The result: Expanding aquatic dead zones and shrinking shellfish harvests. The collapse of vegetation like eelgrass, a buffer against worsening storms. In the ponds, water too dangerous to touch. And a smell that Ms. Fisher characterizes, charitably, as “earthy.”

Together, the changes threaten the natural features that define Cape Cod and have made it a cherished destination for generations.

Ms. Fisher with fistfuls of mussels retrieved from the river’s bottom that died from lack of oxygen.
A neighborhood in Mashpee. Development has increased the amount of nitrogen and phosphorous discharged into rivers, ponds and bays.

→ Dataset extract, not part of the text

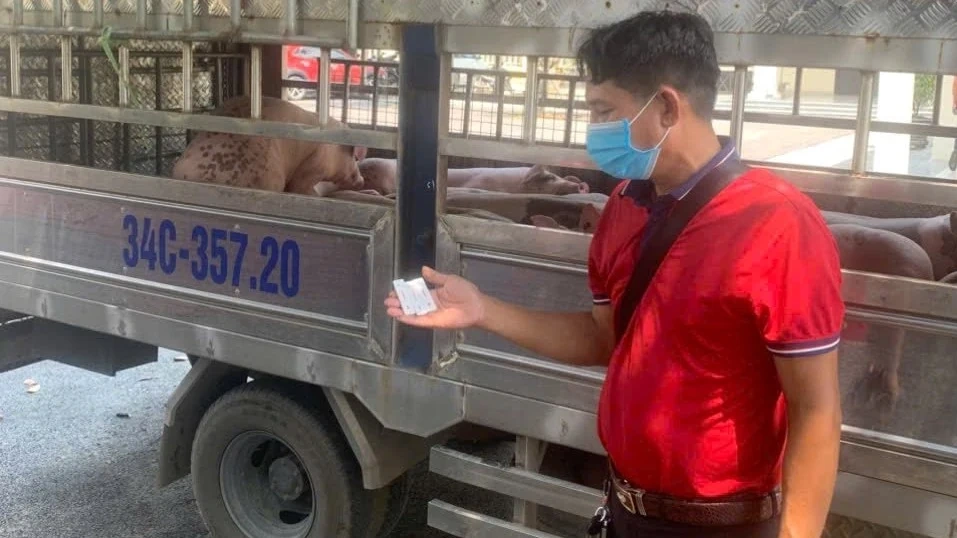 Phát hiện vụ vận chuyển lợn nhiễm dịch tả lợn Châu Phi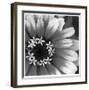 Botanical Study 3-Stacy Bass-Framed Giclee Print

In response, and after several lawsuits filed by environmentalists, Massachusetts has proposed requiring Cape communities to fix the problem within 20 years, through a mix of upgrading the septic tanks used by homes that aren’t connected to city sewer systems, and by building new networks of public sewer lines.

Local officials say the plan would run into the billions of dollars and push housing costs beyond the means of many residents.

“It is physically, financially and logistically impossible for us to meet that standard,” Robert Whritenour, town administrator of Yarmouth, one of the largest towns on the Cape, told state officials during a December public hearing in Hyannis. “It’s simply unfair.”